Program Studi Komunikasi Penyiaran Islam
Jurusan Dakwah
SekolahTinggi Agama Islam Negeri
Pontianak
2013
a.       Metode Dakwah Utsman bin Affan
            Metode dakwah beliau dapat dilihat dari pidato beliau dihadapan publik setelah beliau dibaiat menjadi khalifah ketiga. Utsman berkata “sesungguhnya aku diberi tugas dan aku terima. Ketahuilah bahwa aku berkewajiban terhadap tiga hal setelah Al-Qur’an dan As-Sunah, yaitu mengikuti orang-orang sebelumku yang telah kalian sepakati dan kalian ikuti, mengikuti tradisi orang-orang baik yang diperoleh dari orang-orang baik, dan tidak menghukum kalian kecuali jika terpaksa hukuman harus diberikan.
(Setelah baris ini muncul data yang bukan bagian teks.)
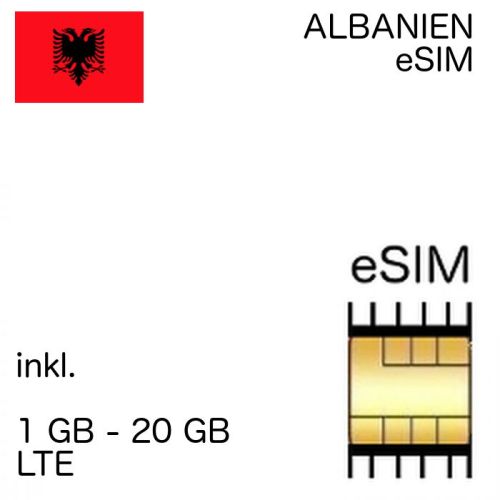 Albanien Prepaid eSIM inkl. 1 GB - 20 GB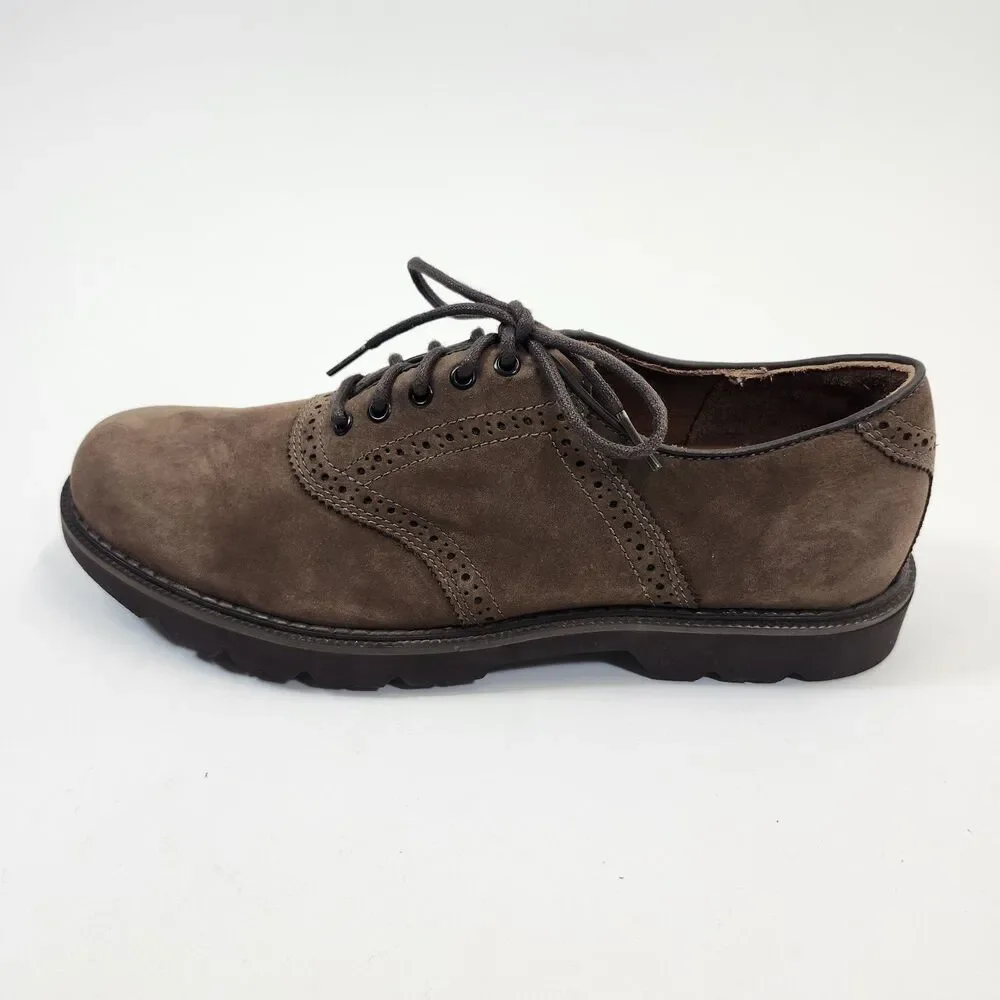 Rockport Shoes Mens 10M Brown Suede Nubuck Oxford Wingtip Brogue Dress M5699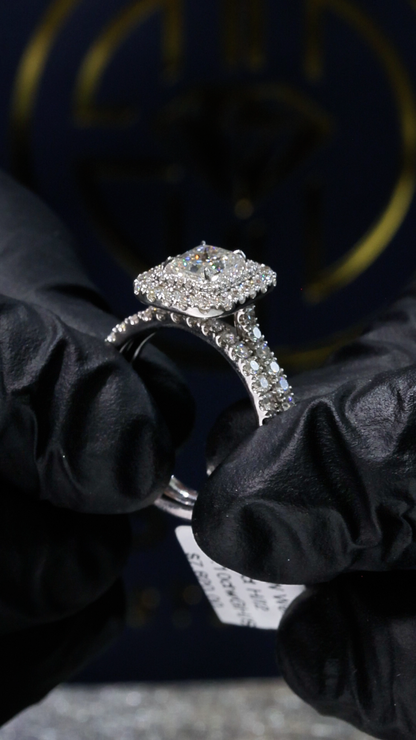 GIA Certified Natural Princess Cut Diamond Engagement Ring with Double Halo & Split Pavé Band in White Gold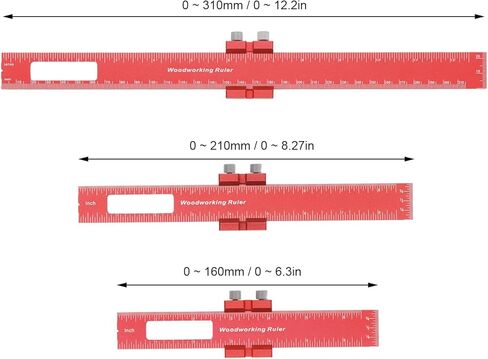 Pocket Ruler Set 6 8 12 Inch Woodworking Accurate Measuring Tool Aluminum Alloy Metal Slide Stop Adjustable Marking Ruler for Engineers and Woodworkers in Saudi Arabia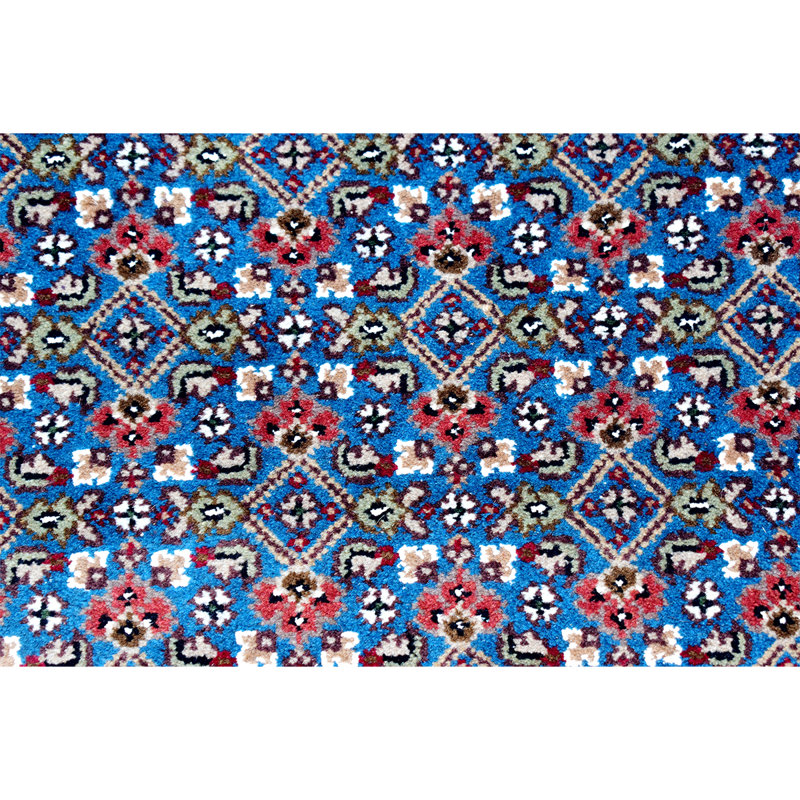Tapis bleu clair / ivoire / rouge noué à la main de haute qualité, Rectangle 6 pi x 9 pi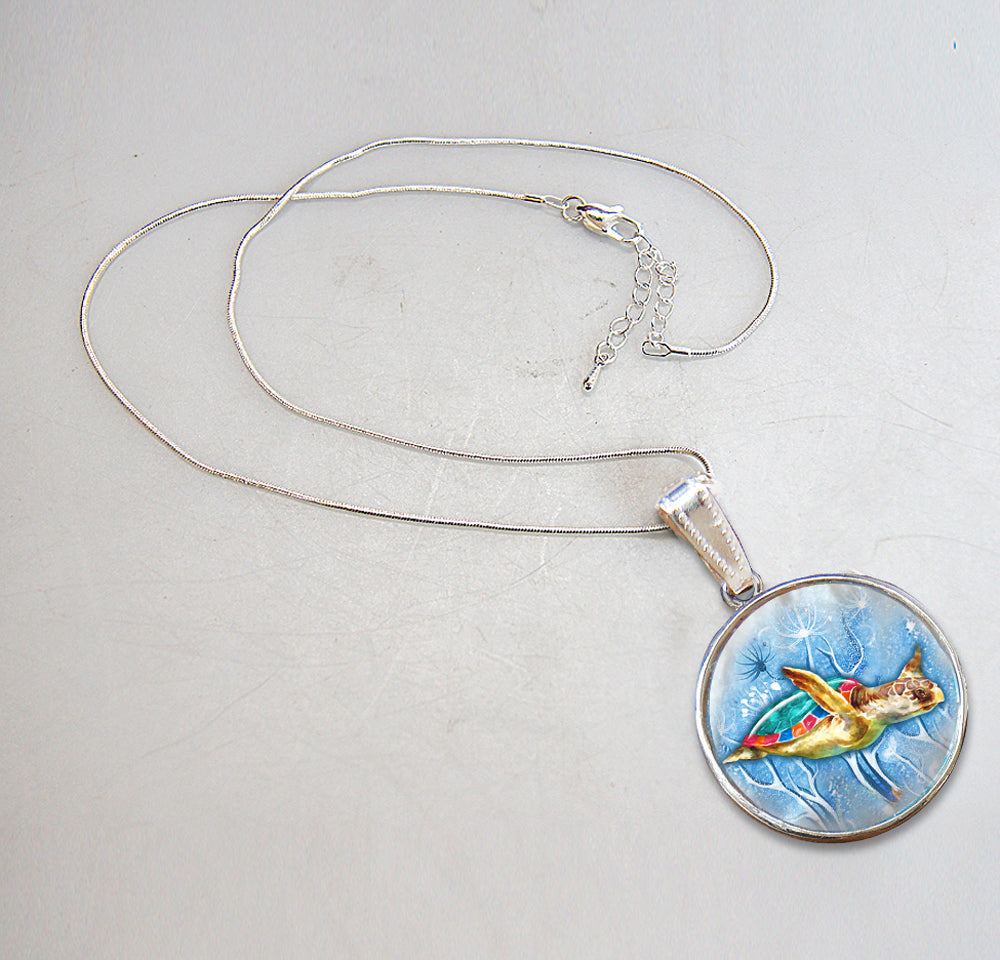 Collar con colgante de tortuga de nácar bañado en plata - 44053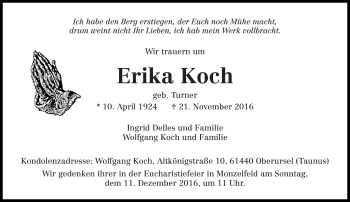 Todesanzeige von Erika Koch von trierischer_volksfreund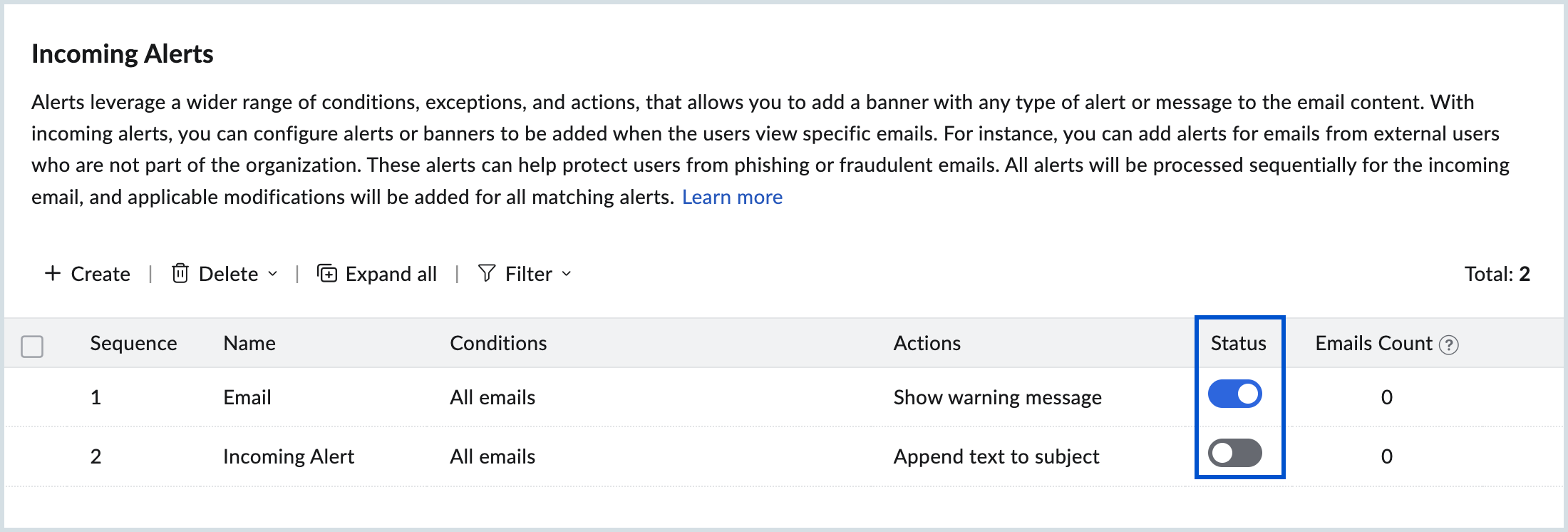 Enable or disable incoming alerts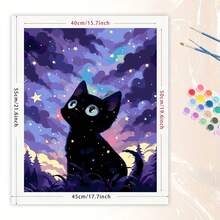 一套可爱的猫咪主题DIY数字油画套装，适合成人，包含丙烯颜料和画笔，释放您的创造力，描绘一个多彩的世界，开启您的艺术之旅，精心绘制的油画展现您的个性，是馈赠亲朋好友的理想礼物。 - 紫色 - 查看 7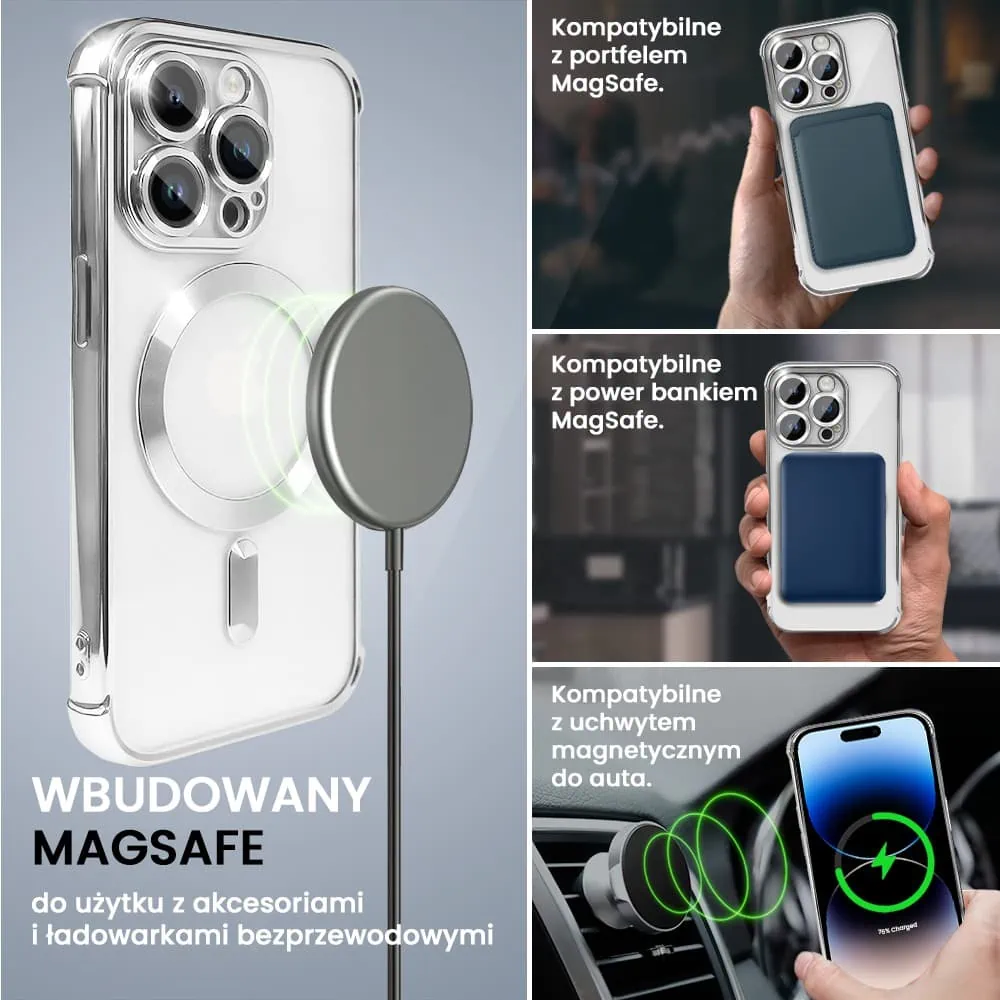 Etui do iPhone 14 Pro Max Magsafe Luxury Anti-Shock Protect, srebrne (OUTLET)
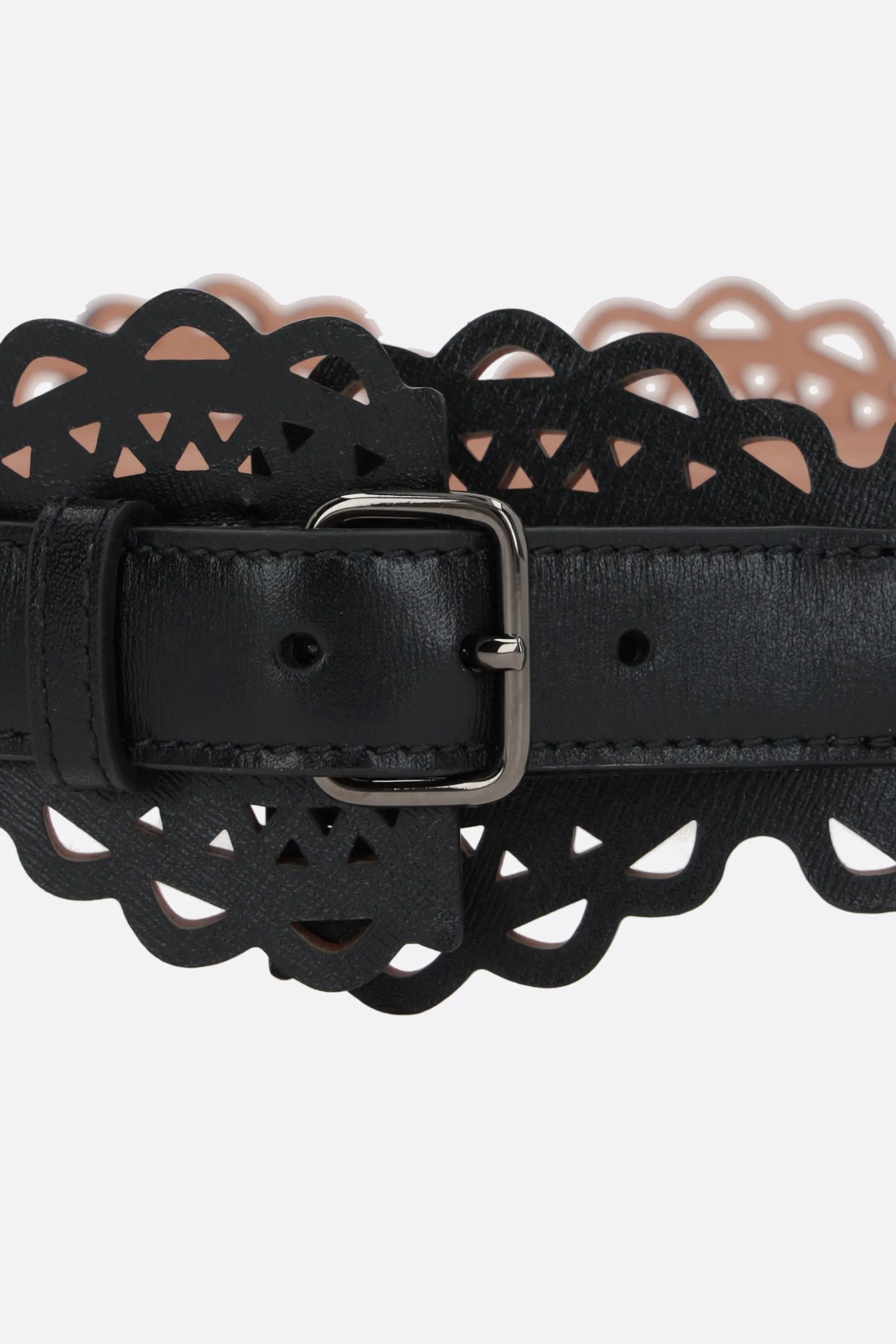 laser-cut leather belt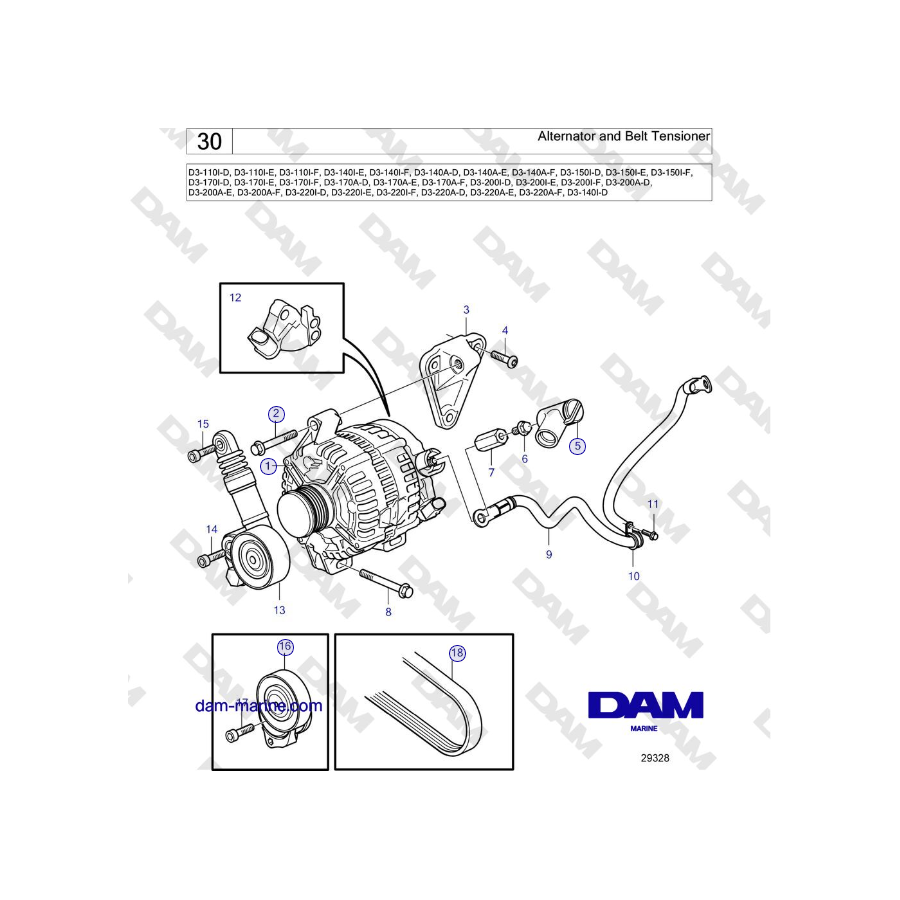 Volvo Penta D3-220A-F - Alternator and Belt Tensioner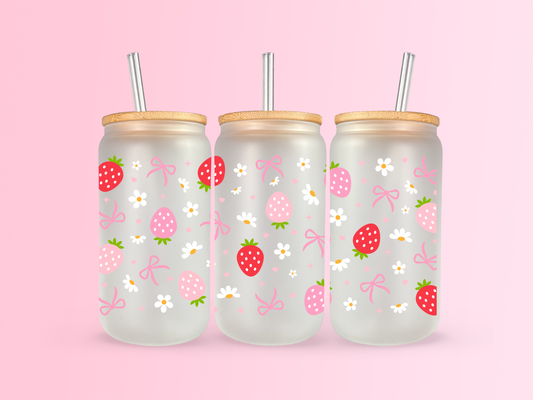 Coquette Strawberry Glass Cup 16oz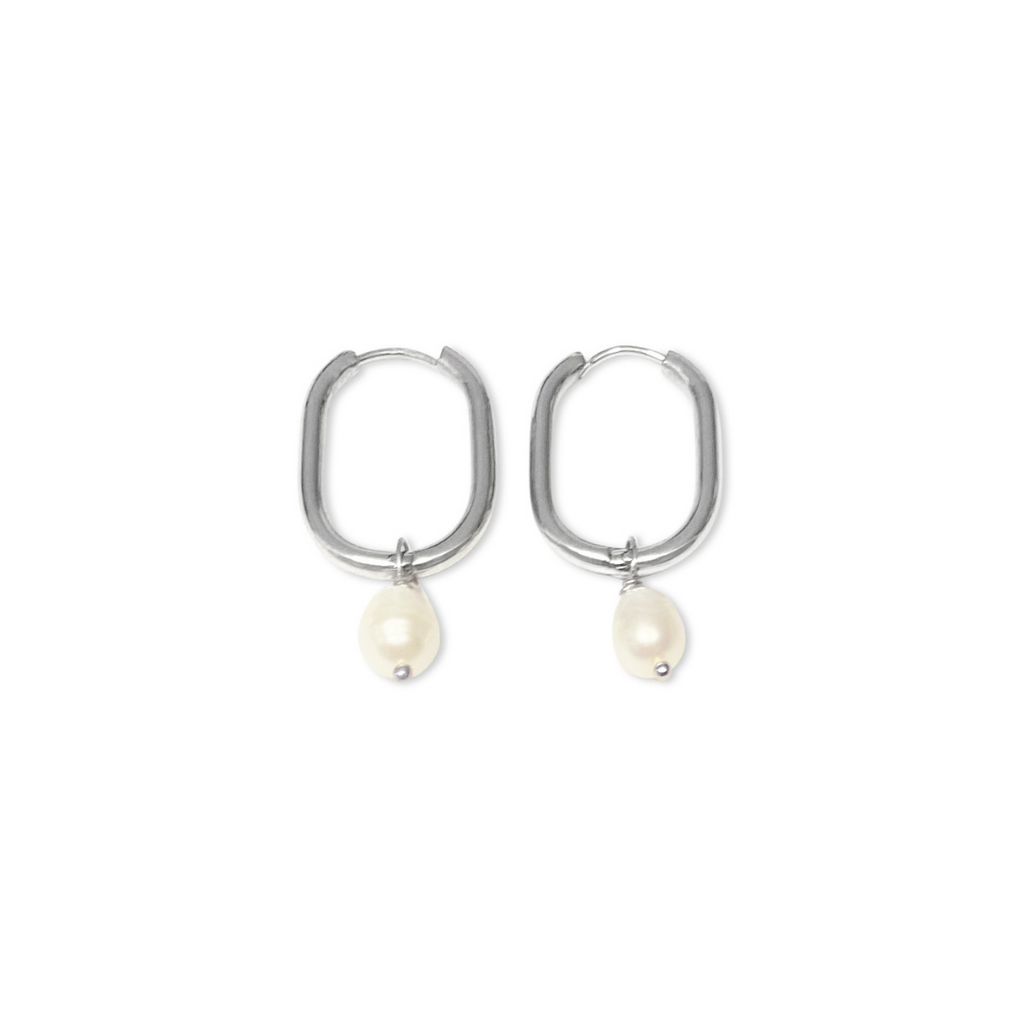 Stainless steel deals pearl earrings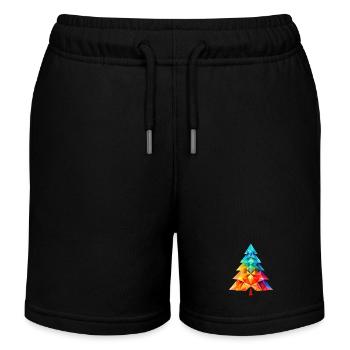 Magie polyvalente : Arbre de Noël polygonal coloré - Short de jogging enfant bio Stanley/Stella - noir - Devant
Sesungguhnya dunia ini hijau dan menarik bagi manusia sehingga banyak di antara mereka yang condong kepadanya. Maka janganlah kalian condong dan percaya, dan ketahuilah bahwa dunia ini tidak mau meninggalkan kecuali manusia sendiri yang meninggalkannya.”
            Pidato Utsman memberikan gambaran kepada kita metode dakwah beliau, diantaranya:
a.       Berdakwah dengan melaksanakan tugas kekhalifahan yang diamanahkan secara maksimal.
b.      Meneruskan dakwah para pendahulunya, Rasulullah, Abu Bakar, dan Umar.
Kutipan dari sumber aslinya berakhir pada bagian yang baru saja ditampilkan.